Captioned web image data
****
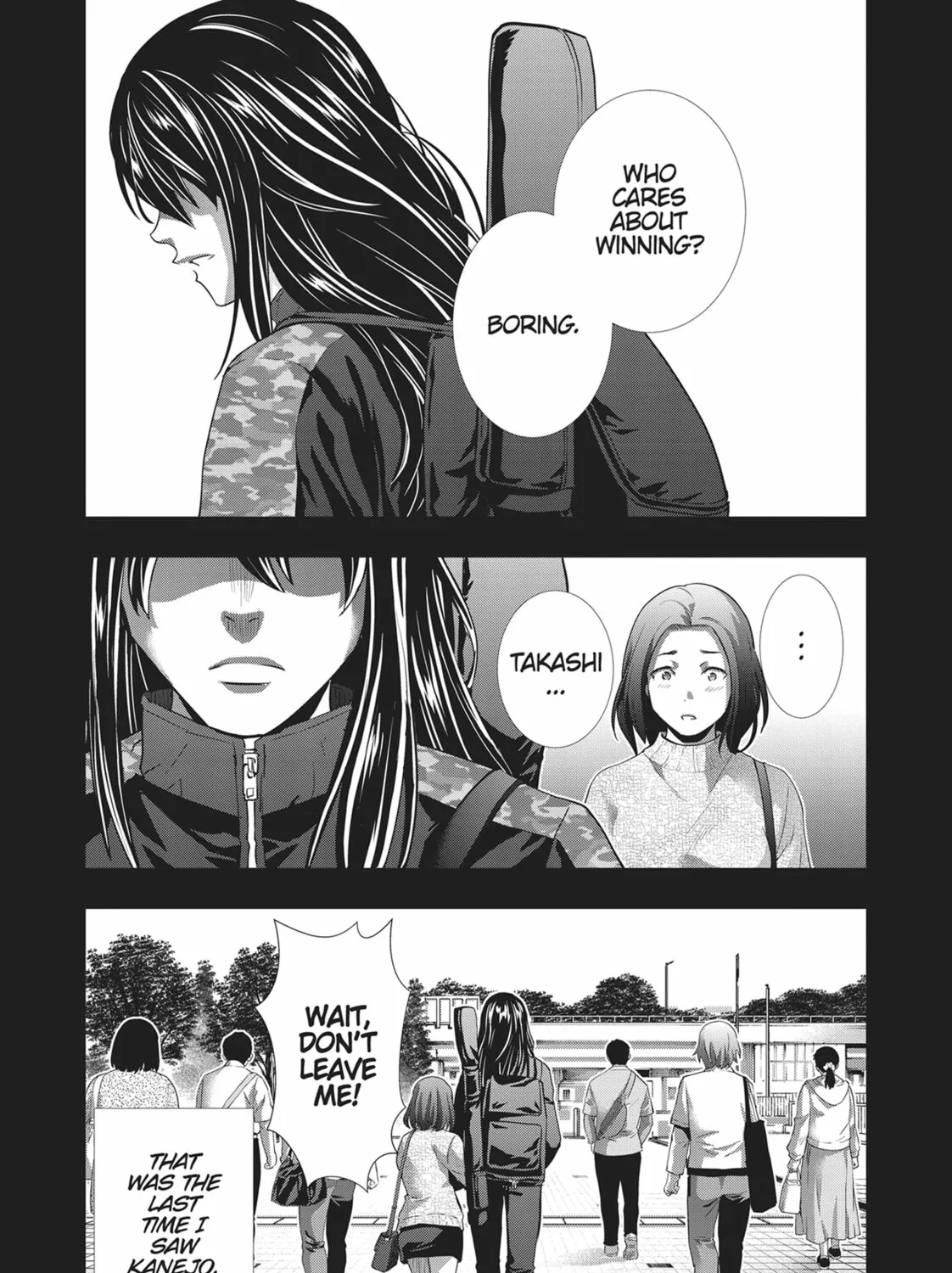 Read Parallel Paradise chapter 181 image 20 on Lezhin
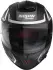 Nolan N80-8 Rumble N-Com 58 black/grey/white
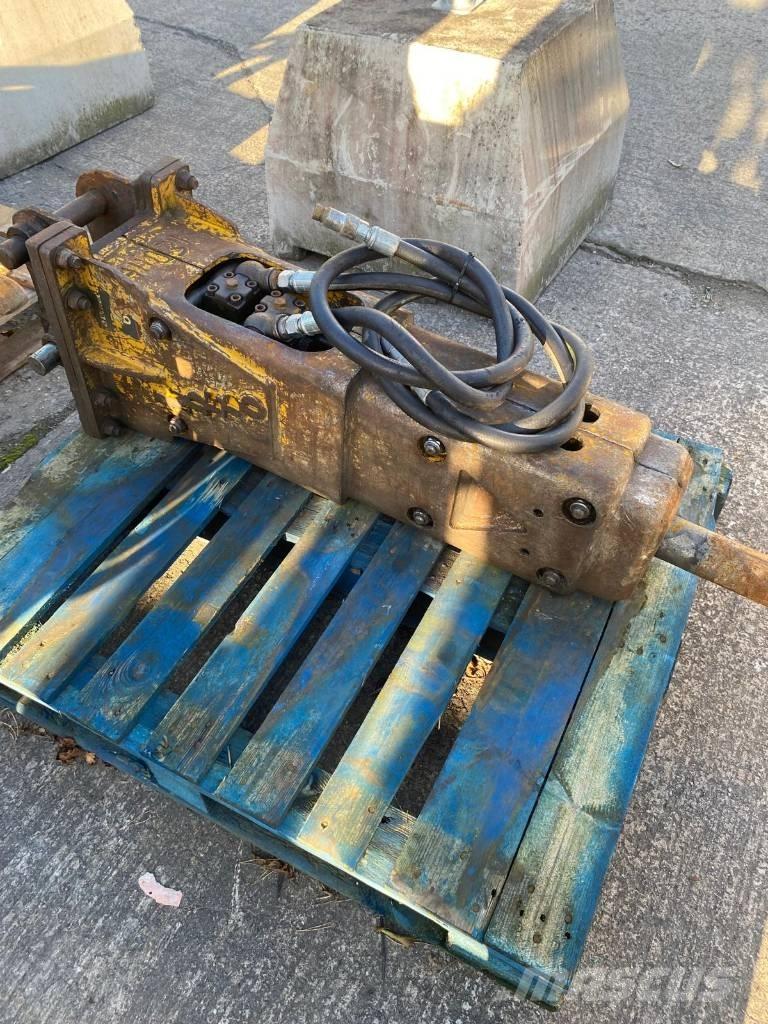 Indeco HP 600 Kladiva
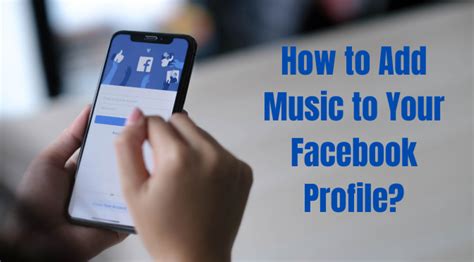 How to Add Music to Your Facebook Profile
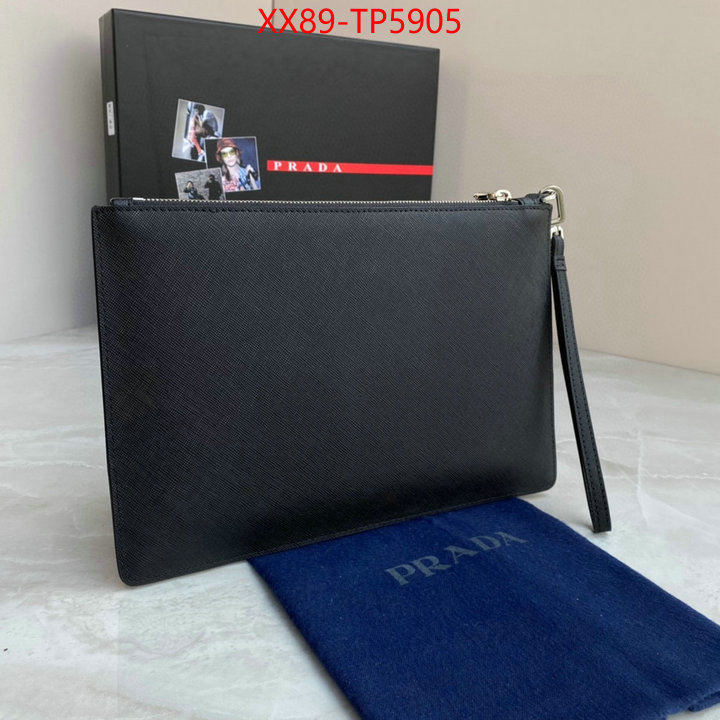 Prada Bags (TOP)-Wallet buy 1:1 ID: TP5905 $: 89USD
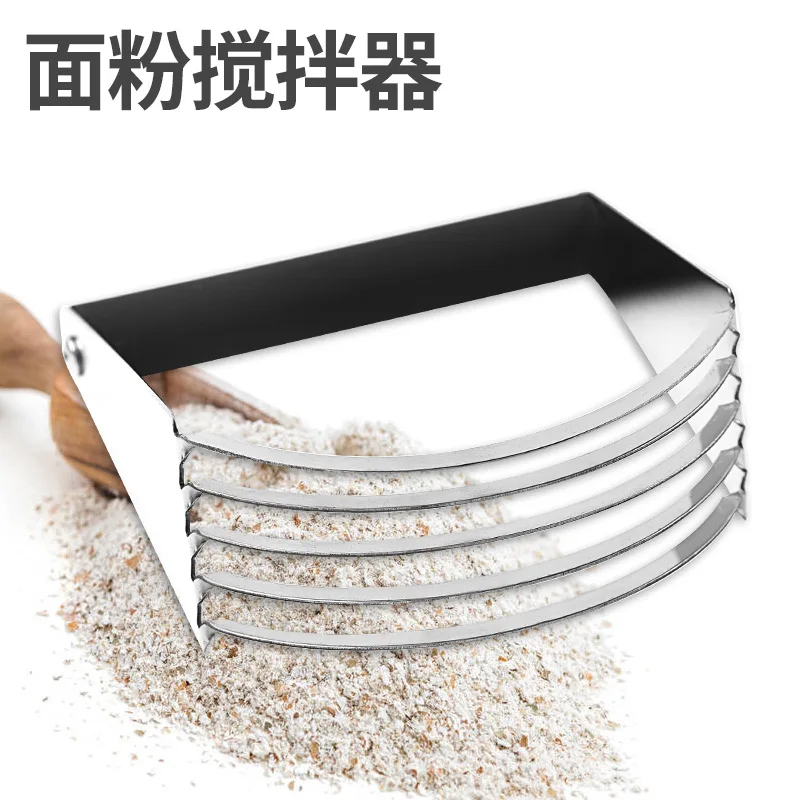 Инструменты для выпечки Миксер Для сливочной муки из нержавеющей стали | Дом и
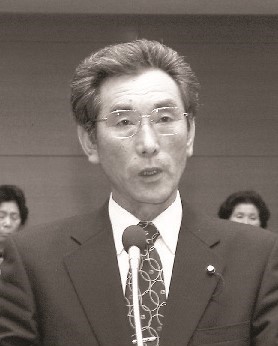 中村美智男議員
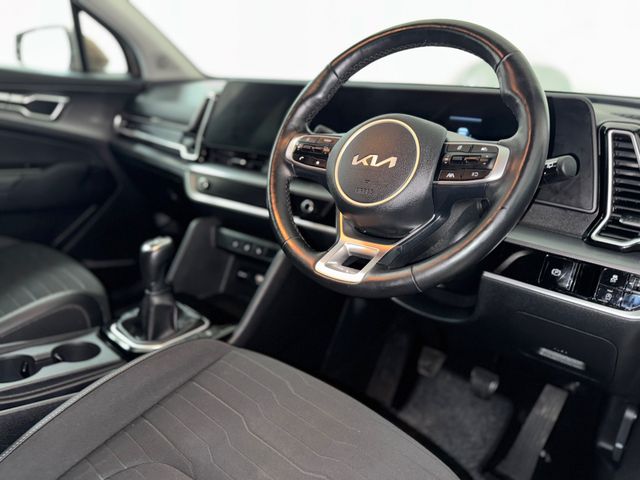 Image for 2022 Kia Sportage Manual 5DR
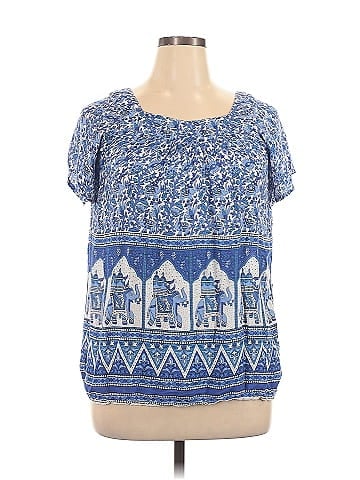 Gypsy Rose Short Sleeve T-Shirt (view 1)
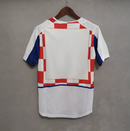 Croatia 2002 Home Shirt 2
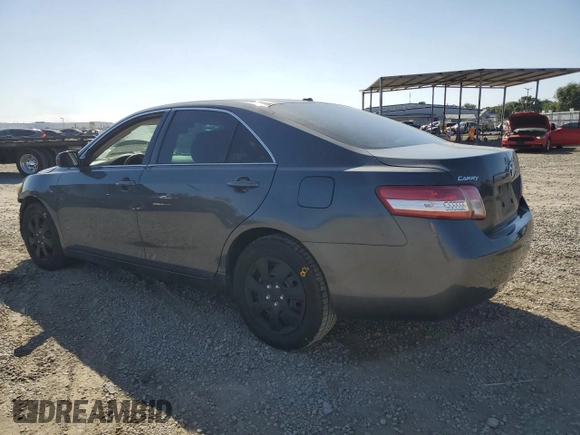 2011 Toyota Camry LE with VIN 4T1BF3EK2BU210223, listed as a Copart auction lot 54152565 with 179,089 mi miles and Salvage Title. Bid and sale history available at carsss.com. Image 2.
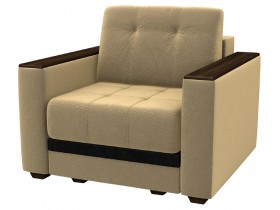 Кресло Атланта стандартный подлокотник Каркас: Velutto 03; Основа: Velutto 21 Распродажа в Саргатском - sargatskoe.katalogmebeli.com | фото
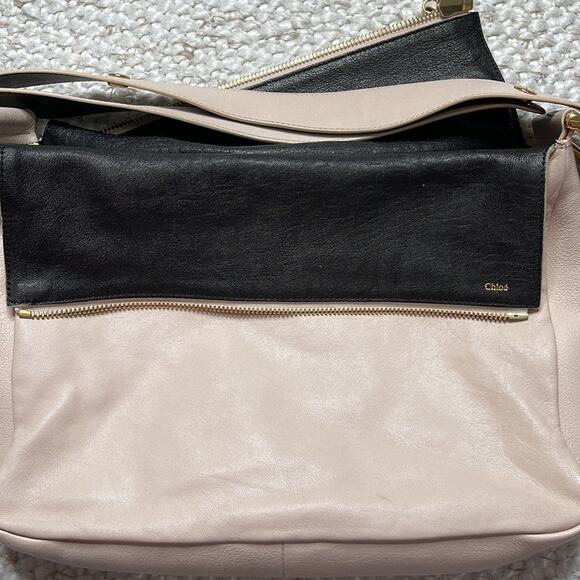 Chloe Vanessa Chain Shoulder Bag - Picture 8 of 12
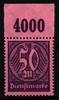Deutsches Reich Dienst Deutsches Reich Dienst 73 P OR postfrisch MiNr. 73 P OR postfrisch -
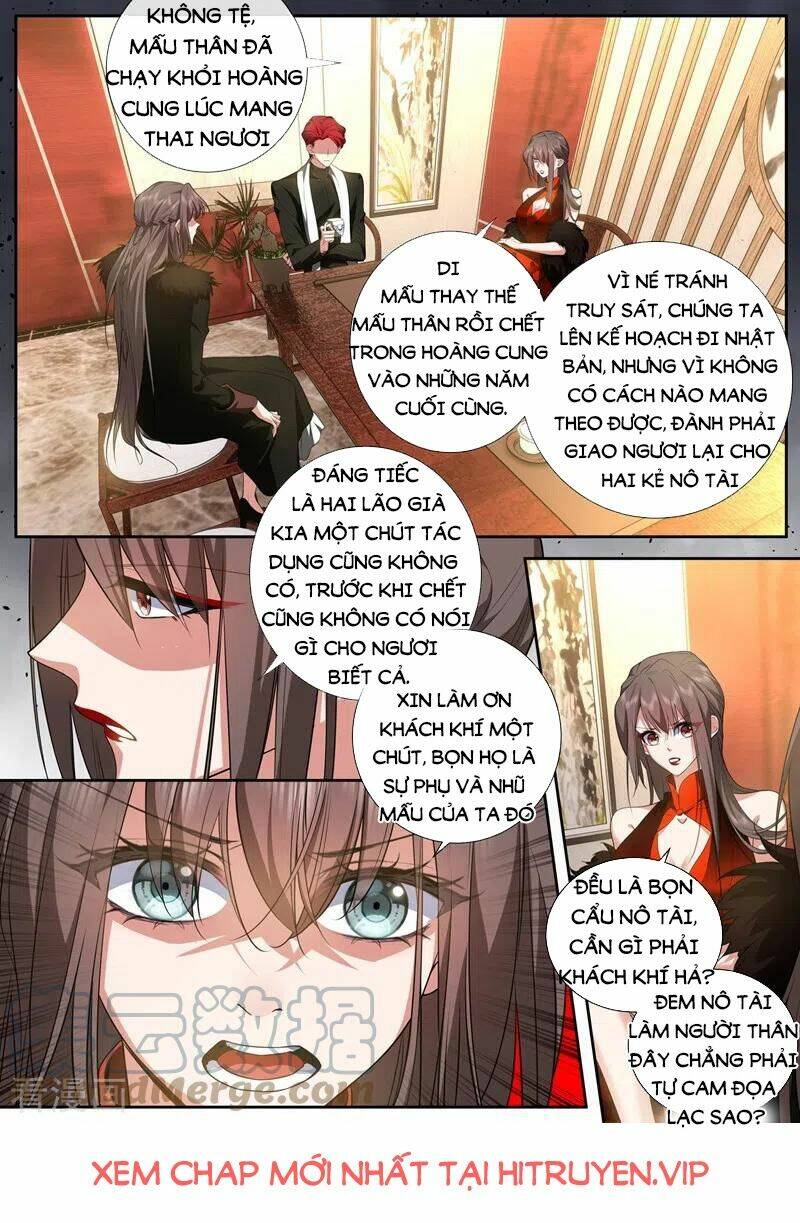 Thiếu Soái! Vợ Ngài Lại Bỏ Trốn Chapter 431.1 - Trang 2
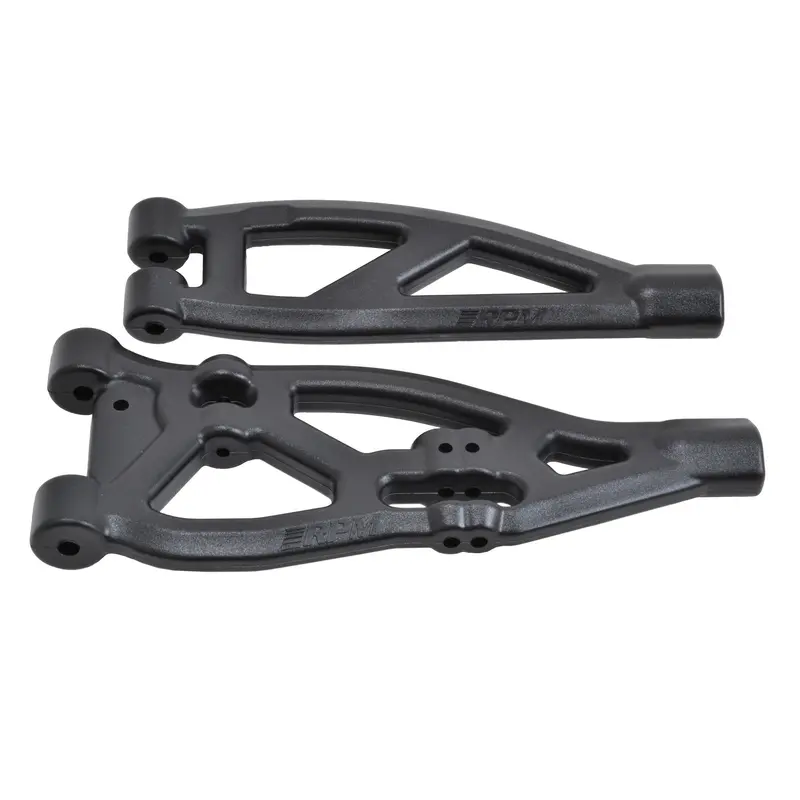 Front Upper And Lower A-Arm: Arrma Kraton 1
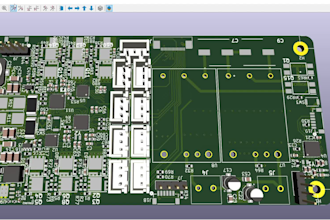 design electronic speed controller esc and fc for drones and uavs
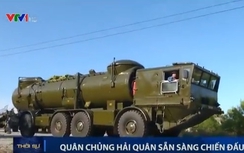 Video: Việt Nam bắn thử tên lửa P-35B của hệ thống Redut-M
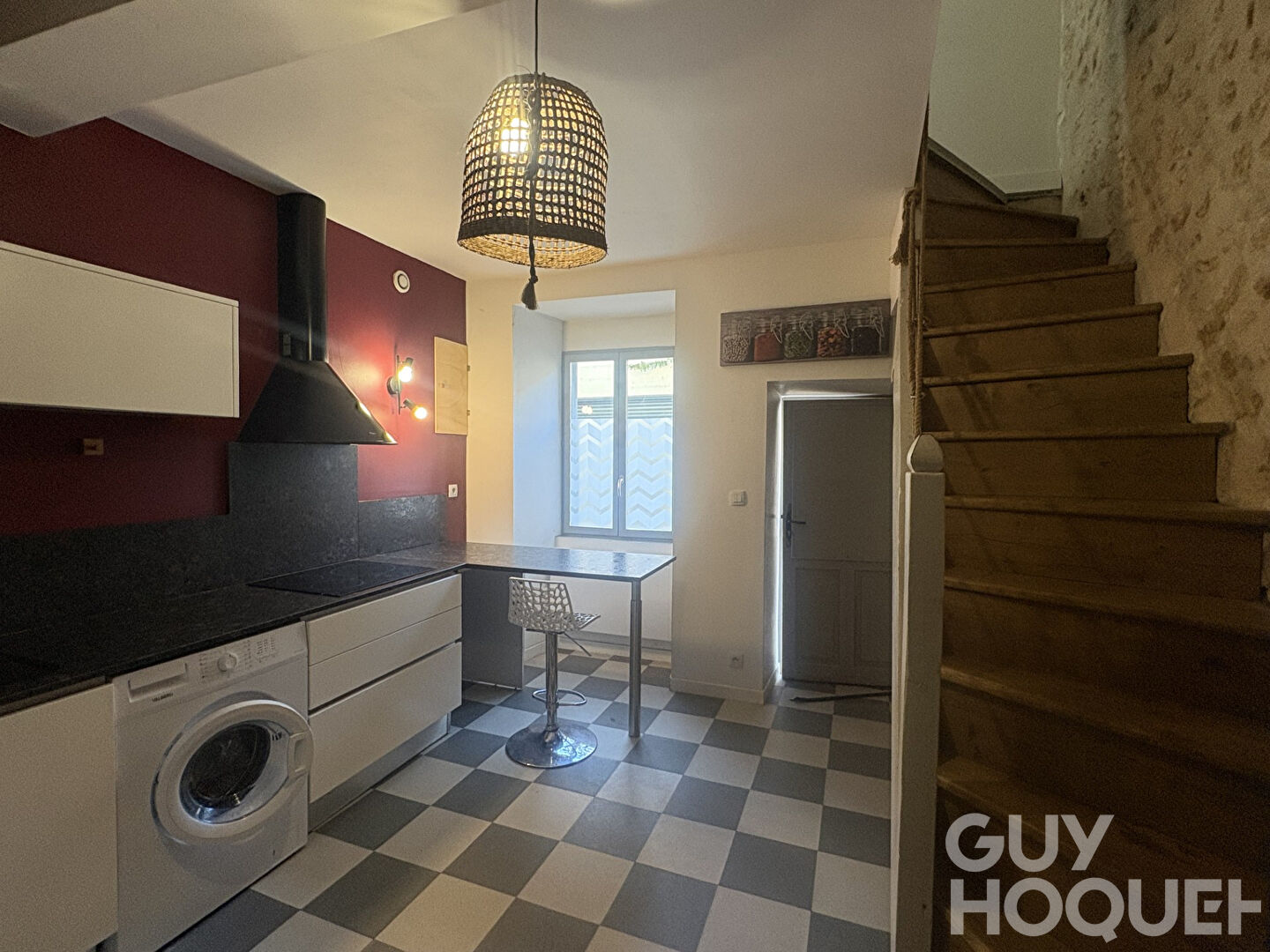 Maison Poitiers 2 pièce(s) 47.35 m2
****
YOUR ASSIGNMENT
Give again, word for word, the lines above from the first one through the one containing "Croatia 2002 Home Shirt 2"; no pictures.

ANSWER SPACE
 Read Parallel Paradise chapter 181 image 20 on Lezhin
 Nolan N80-8 Rumble N-Com 58 black/grey/white
 Indeco HP 600 Kladiva
 How to Add Music to Your Facebook Profile
 Prada Bags (TOP)-Wallet buy 1:1 ID: TP5905 $: 89USD
 Инструменты для выпечки Миксер Для сливочной муки из нержавеющей стали | Дом и
 中村美智男議員
 Image for 2022 Kia Sportage Manual 5DR
 Gypsy Rose Short Sleeve T-Shirt (view 1)
 Croatia 2002 Home Shirt 2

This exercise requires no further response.